O professor lista as repercussões positivas dos investimentos. Uma delas é a redução do “custo Brasil” alegado pela Ford para deixar o país. “Esse efeito sobre a produtividade geral da economia também é muito sério porque se não tivermos dinheiro suficiente nem para a manutenção das estradas, eleva o custo de produção das empresas. Além de não construir, a falta de investimento destrói o que existia”, enumera.
Outro efeito positivo é a criação de demandas para outros setores. “O setor produtor de cimento sabe que por conta de obras haverá demanda por concreto nos próximos anos e onde será feito. Isto é fundamental para que ele invista. É uma série de cadeias produtivas que se beneficiam gerando empregos. É um efeito multiplicador sobre as demais atividades produtivas, que se sentem mais seguras”, afirma Manzano.
Um dos investimentos mais importantes, segundo o professor da Unicamp, é em habitação, um dos que mais geram emprego e renda para trabalhadores de diferentes qualificações.

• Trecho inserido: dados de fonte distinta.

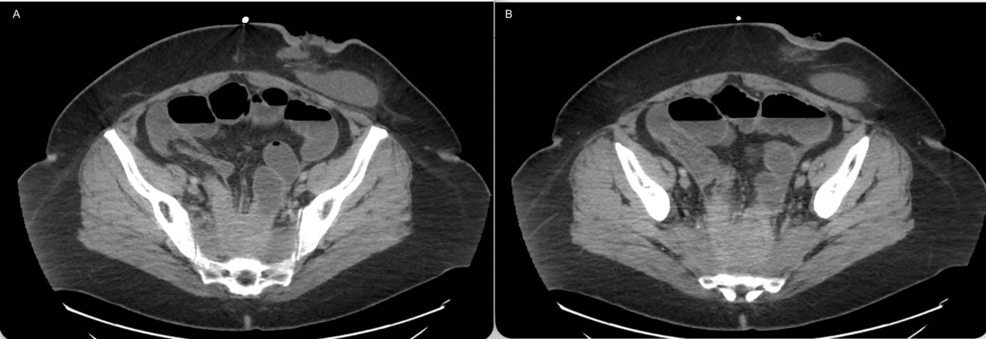 Incidental Appendiceal Adenocarcinoma Discovered After Ileocecectomy for Recurrent Small Bowel Obstruction: A Case Report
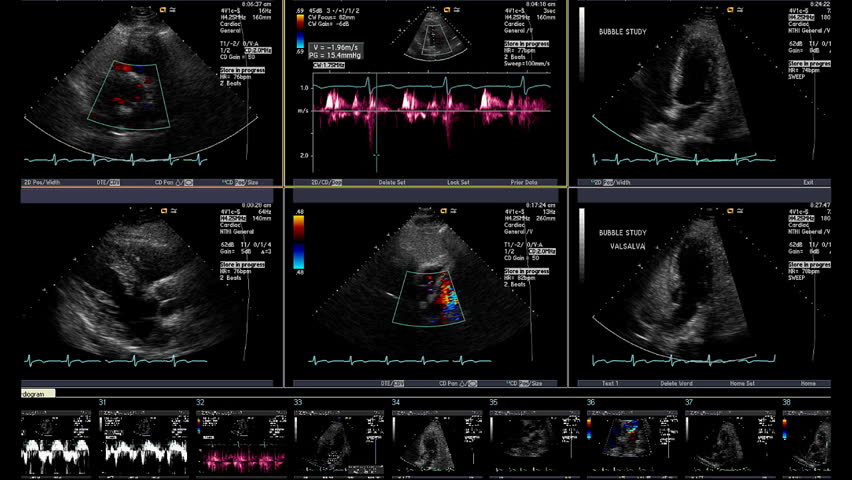 Echocardiogram shows 6 views of valsalva tests on beating heart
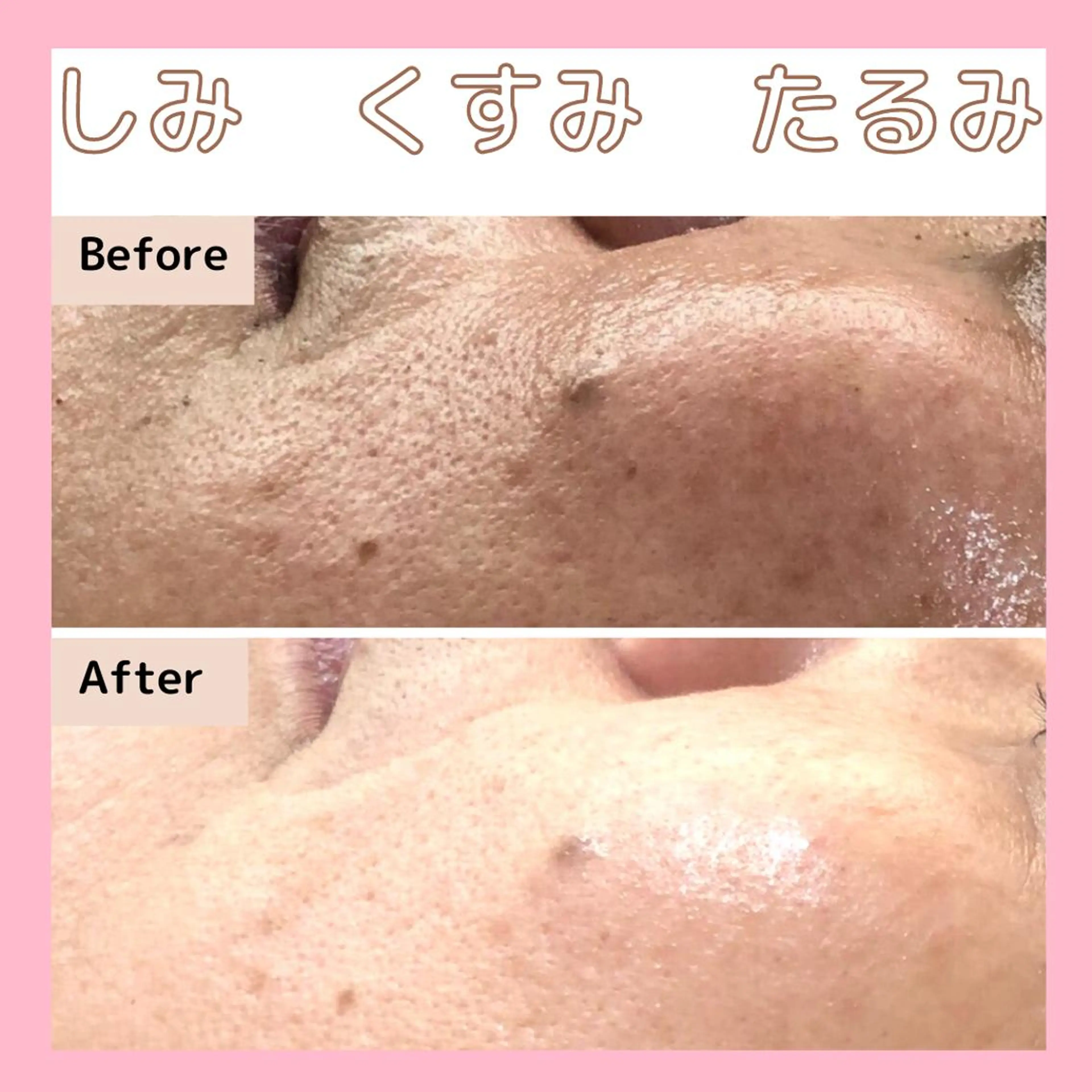 【しわ・たるみ肌】細胞修復機械と世界特許取得高濃度生コラーゲンで肌の土台からプルップル透明感肌へ◎の写真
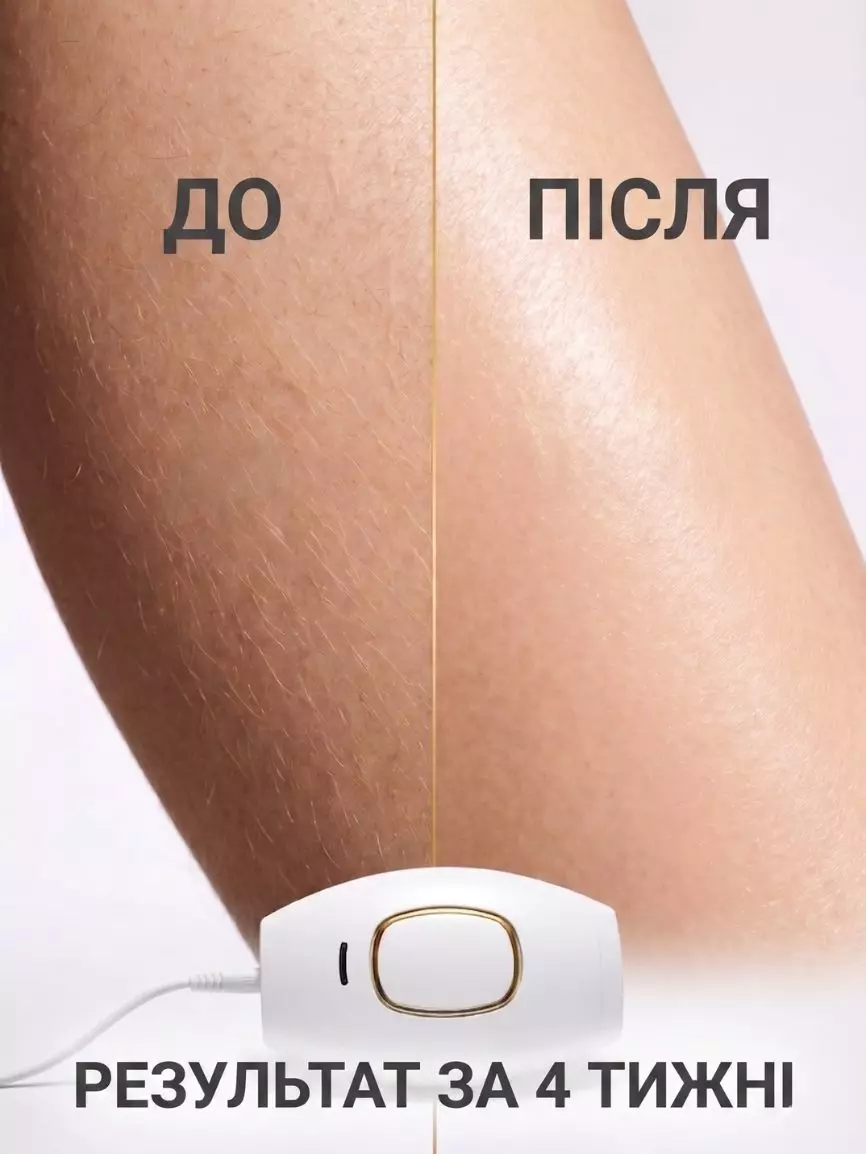 Портативний фотоепілятор - Зображення 4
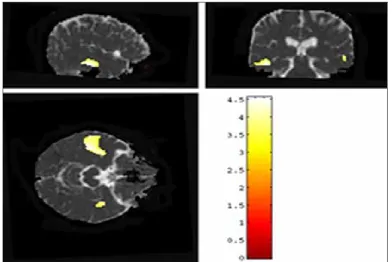 Fig. 2 Sagital, coronal and axial MRI images showing increased ADC in the temporal white matter in schizophrenic patients compared to controls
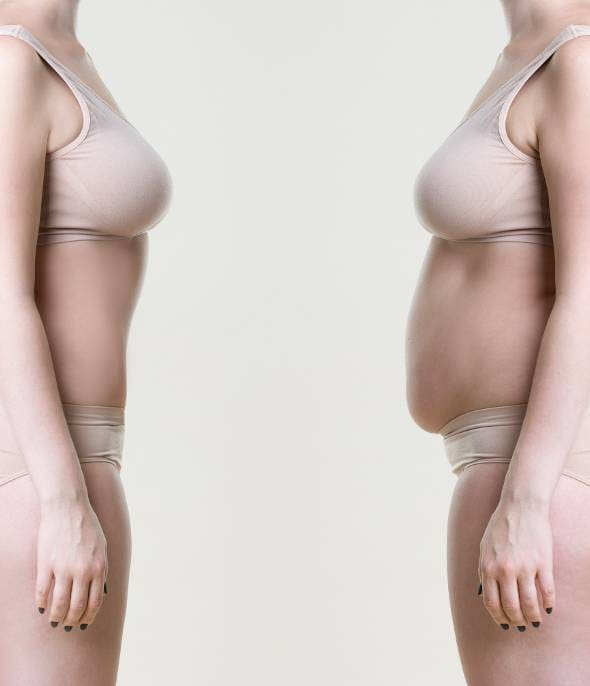 Liposuction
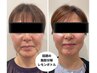 速攻で小顔効果◎【脂肪分解♪レモンボトル+毛穴洗浄】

Como os do programa Minha Casa, Minha Vida, dos governos Lula e Dilma.
“O básico para um trabalhador é ter um endereço. Ter uma residência traz tranquilidade para a família, educação para os filhos e moradia melhor. Investir em infraestrutura para habitação é componente chave para a sociedade, mas foi desmontado pelos governos Temer e Bolsonaro”, critica Manzano.
Para viabilizar o Minha Casa, Minha Vida, foi fundamental a atuação dos bancos públicos. A partir de Temer, no entanto, o que se vê é rebaixamento do papel dessas instituições. “O BNDES foi desmontado por Temer e Bolsonaro, que consideram a concorrência do banco público desleal com os bancos privados. Mas nenhuma outra instituição financeira privada tomou o lugar do BNDES, que cumpria um papel fundamental ao investir em infraestrutura. Hoje, o banco se tornou um agente de financiamento da privatização, como no governo FHC”, critica o economista.